--- The data Enclosed Below ---
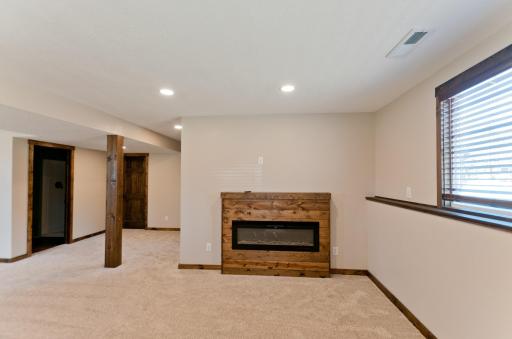 932 Yorkshire Avenue, Rice Lake, WI 54868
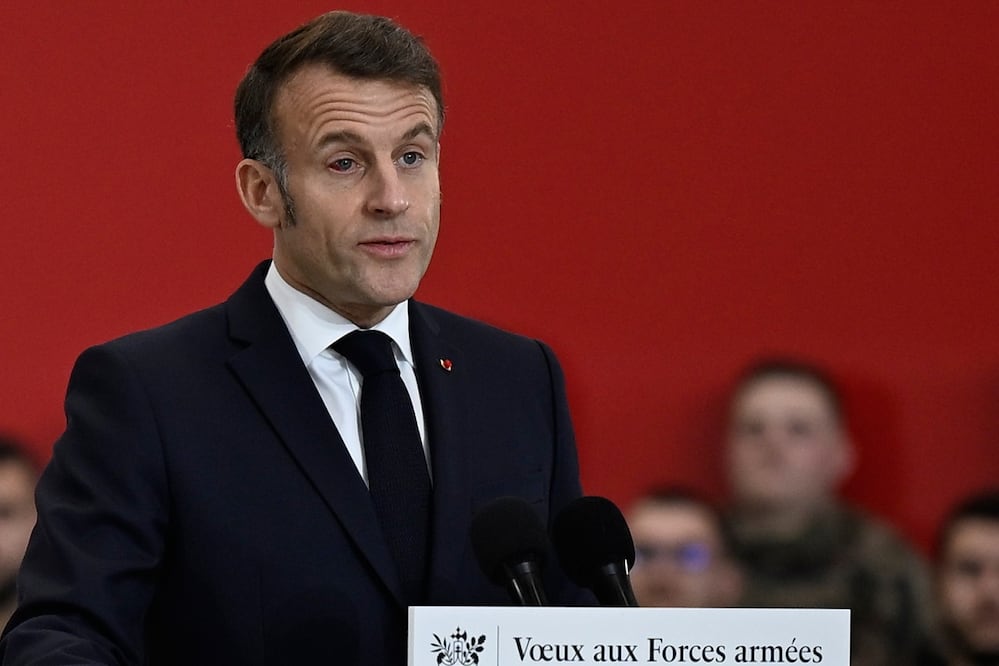 El presidente francés,  Emmanuel Macron, en su discurso de Año Nuevo al ejército, en la base militar Istres, en el sur de Francia. FOTO: AP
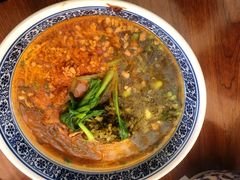 辣肉面加雪菜和毛豆-沪西老弄堂面馆(定西路店)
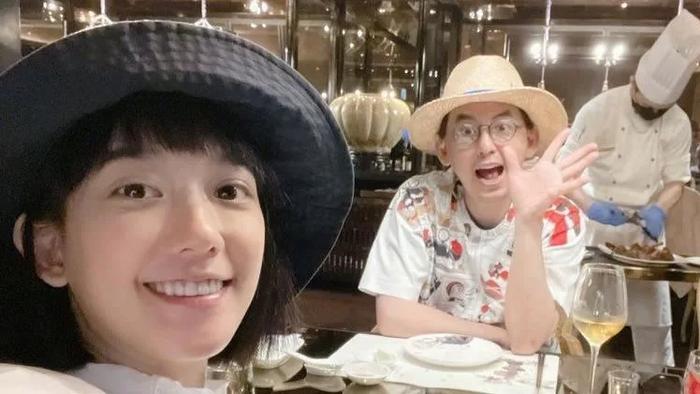 黄子佼和妻子孟耿如(左)资料图图自台湾三立新闻网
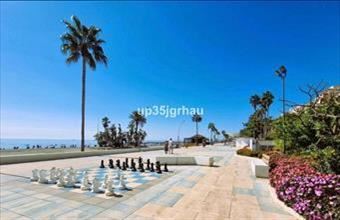 Eladó Spanyolországi tégla lakás hirdetés (98924545)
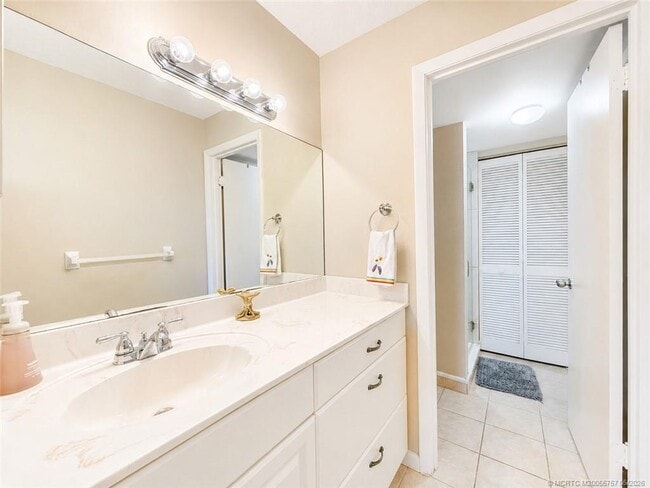 Building Photo - 7430 S Ocean Dr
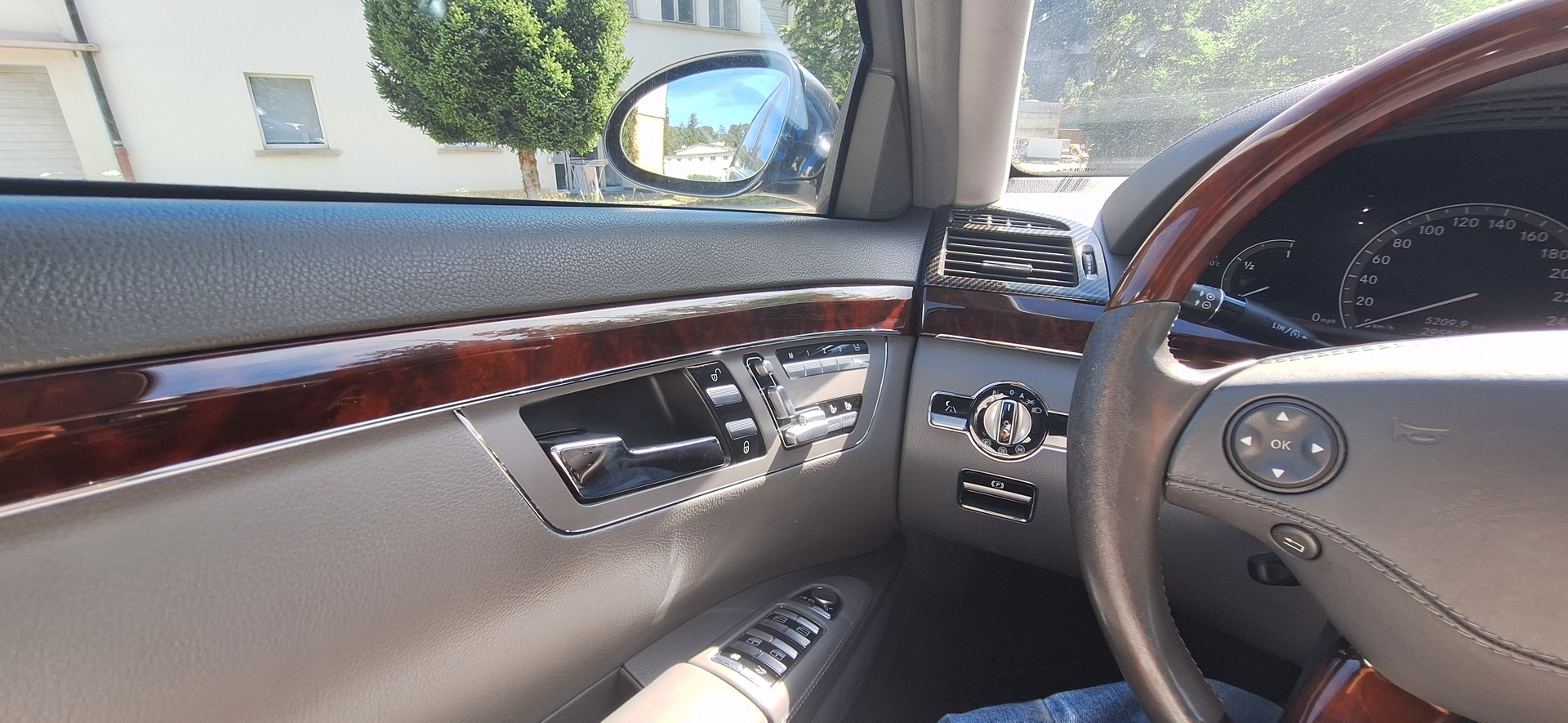 MERCEDES-BENZ S 500 4Matic 7G-Tronic-image-23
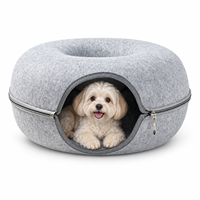 Lit tunnel pour chat Yangyangpet en feutre gris clair avec fermeture éclair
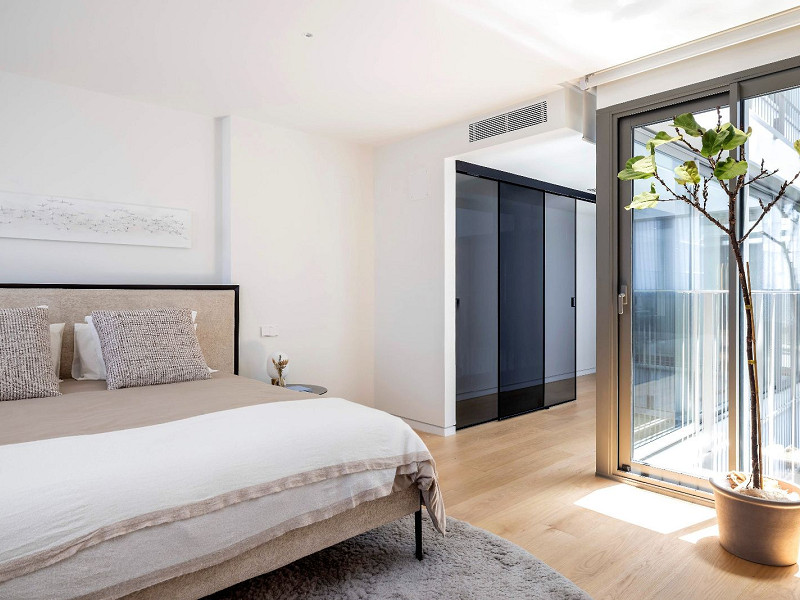 Эксклюзивная квартира в новостройке в районе Эшампле, Барселона. Фото:  9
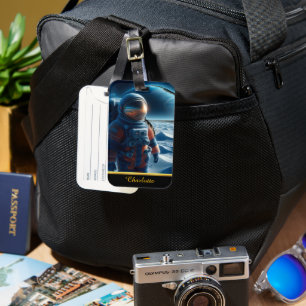 Astronaut in einem lebhaften orangefarbenen Anzug Gepäckanhänger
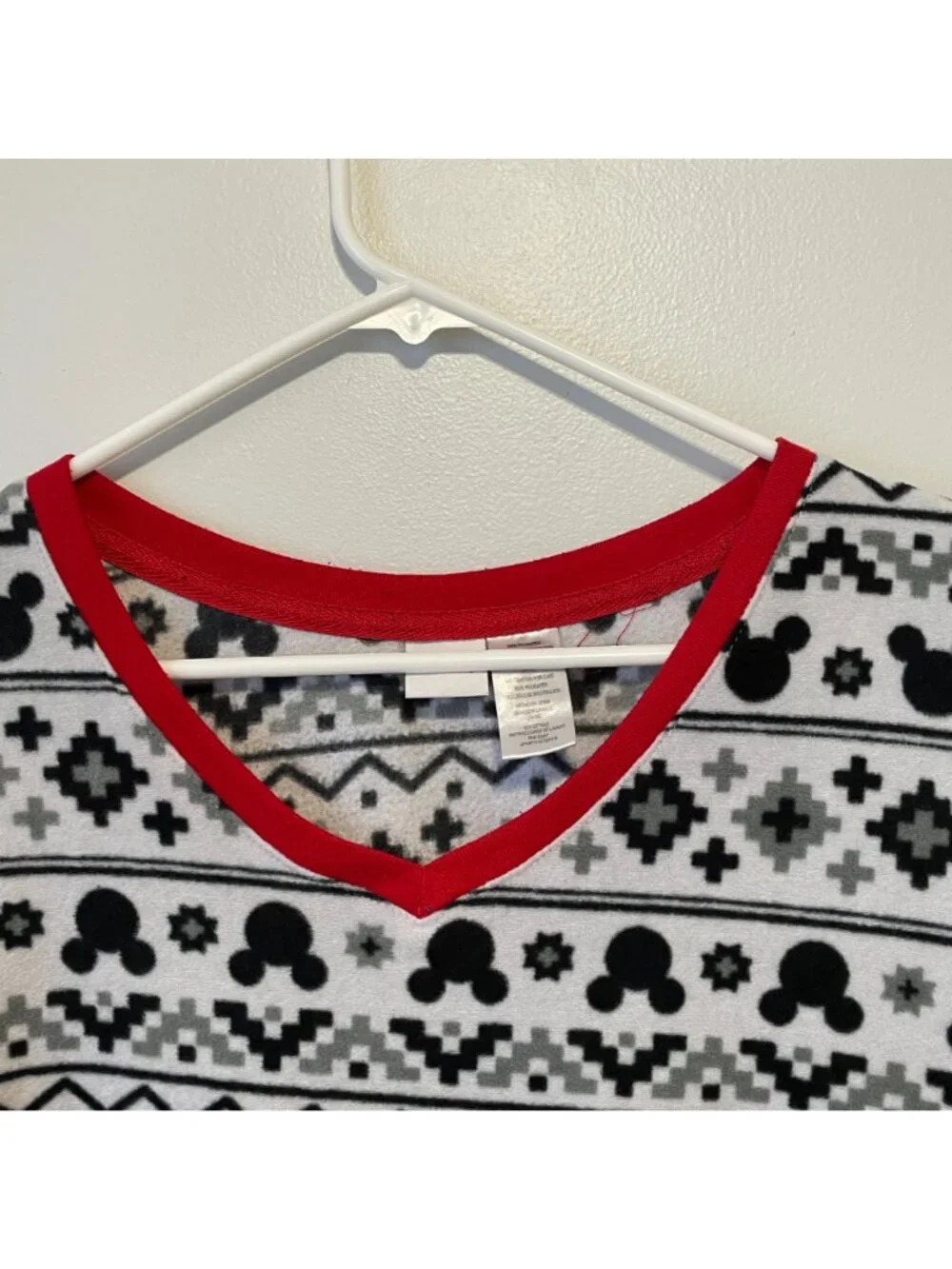 Disney Mickey Mouse Womens XL Cozy Fleece Long-Sleeve Nightshirt With Red Trim - Picture 4 of 7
--- End of Enclosed The data ---
(Exercise): The records above should be returned exactly; no image belongs in the copy.

(Answer for the task):
 932 Yorkshire Avenue, Rice Lake, WI 54868
 El presidente francés,  Emmanuel Macron, en su discurso de Año Nuevo al ejército, en la base militar Istres, en el sur de Francia. FOTO: AP
 辣肉面加雪菜和毛豆-沪西老弄堂面馆(定西路店)
 黄子佼和妻子孟耿如(左)资料图图自台湾三立新闻网
 Eladó Spanyolországi tégla lakás hirdetés (98924545)
 Building Photo - 7430 S Ocean Dr
 MERCEDES-BENZ S 500 4Matic 7G-Tronic-image-23
 Lit tunnel pour chat Yangyangpet en feutre gris clair avec fermeture éclair
 Эксклюзивная квартира в новостройке в районе Эшампле, Барселона. Фото:  9
 Astronaut in einem lebhaften orangefarbenen Anzug Gepäckanhänger
 Disney Mickey Mouse Womens XL Cozy Fleece Long-Sleeve Nightshirt With Red Trim - Picture 4 of 7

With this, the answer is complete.